Throughout my university education, I have studied some theory of Riemann surfaces, focusing particularly on Miranda's Algebraic curves and Riemann surfaces. My current studies however are in the theory of Stein manifolds and Stein spaces. In particular, I am looking at (sheaf-)cohomological methods to solving the Cousin problems.
In the theory of Riemann surfaces, for a meromorphic function $f$ on a Riemann surface $X$, we define the divisor of $f$ to be the function $D$ which maps $$f \longmapsto \sum_{p \in X} \text{ord}_p \cdot p,$$ where $\text{ord}_p$ denotes the order of the root or pole of $f$ at $p$.
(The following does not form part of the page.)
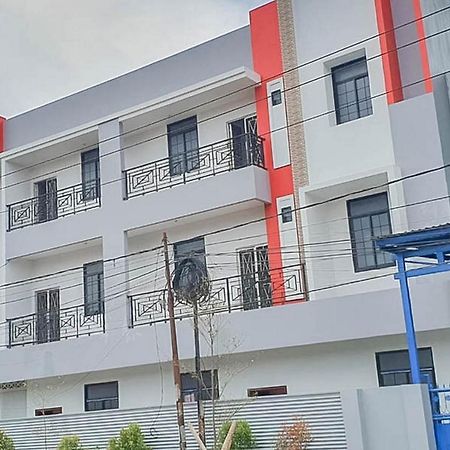Mahkota Residence Mitra Reddoorz Karawang Buitenkant foto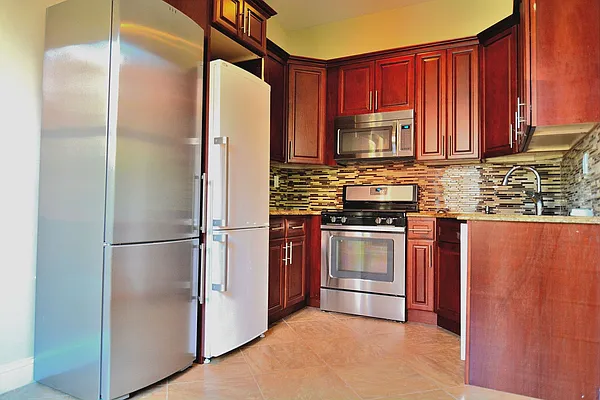 Rented by Hagstrom Management Inc | media 40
In the context of Stein manifolds however, we define a divisor to be an element $d \in H^0(X, \mathscr{D})$, where $\mathscr{D}$ is the quotient sheaf of $\mathscr{M}^{\times}$ by $\mathscr{O}_X^{\times}$, where $\mathscr{M}^{\times}$ is the sheaf of germs of invertible meromorphic functions and $\mathscr{O}_X^{\times}$ is the sheaf of germs of invertible holomorphic functions.
Are these definitions equivalent? If they are, I can't see why.
Note that this does seem like a question that should be posted on Math.StackExchange, but I have found little to no luck asking questions of anything north of the elementary theory of analytic functions of several complex variables on that site.